(Excerpted data)

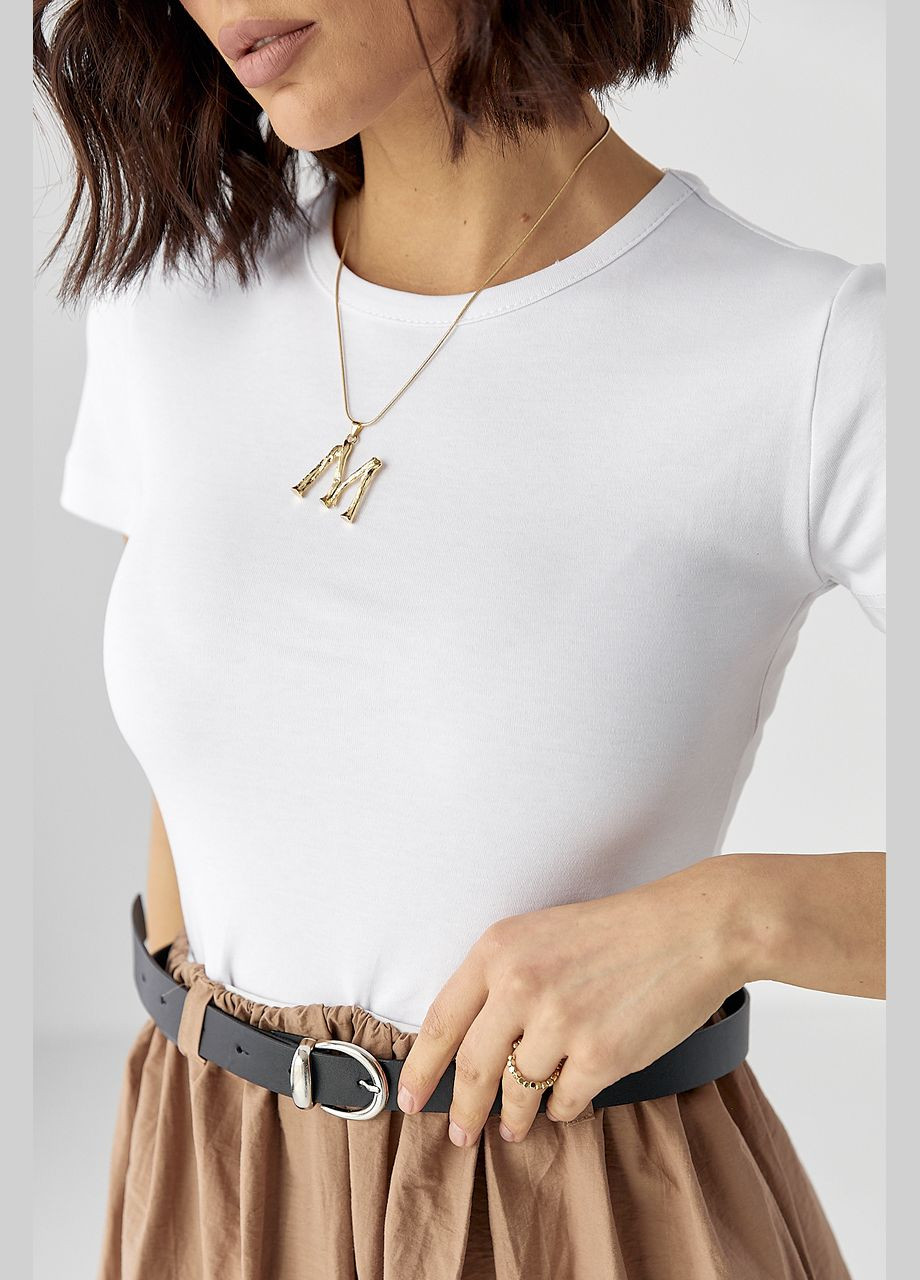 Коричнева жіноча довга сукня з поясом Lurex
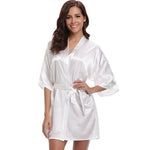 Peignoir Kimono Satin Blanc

(End Excerpted data)
(Excerpted data)

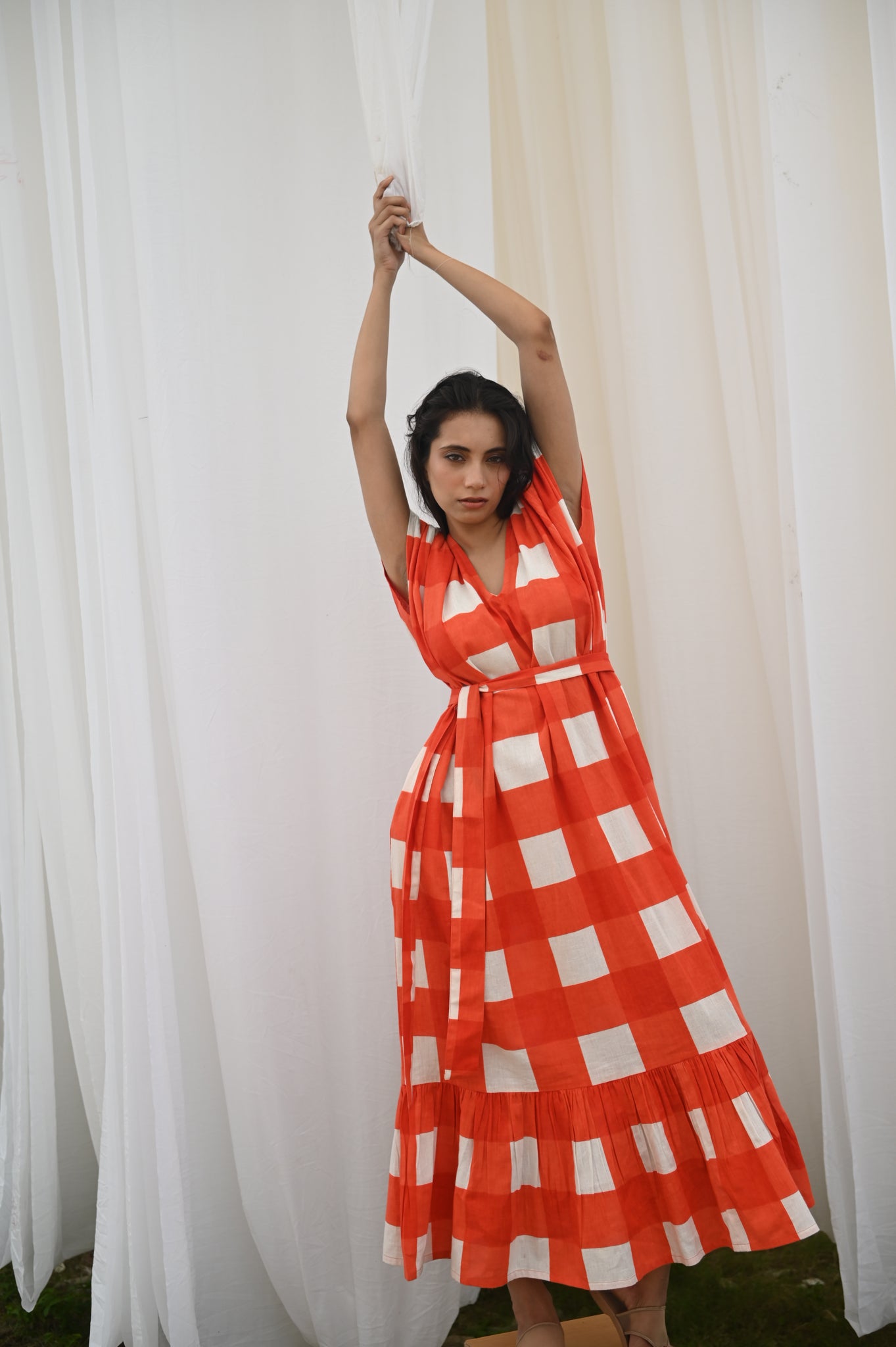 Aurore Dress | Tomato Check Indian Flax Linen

(End Excerpted data)

_Exercise brief_
Copy out the lines above from the line containing "Коричнева жіноча довга сукня з поясом Lurex" through the line containing "Peignoir Kimono Satin Blanc", exactly, and keep the pictures out.

_Solution for this exercise_
 Коричнева жіноча довга сукня з поясом Lurex
 Peignoir Kimono Satin Blanc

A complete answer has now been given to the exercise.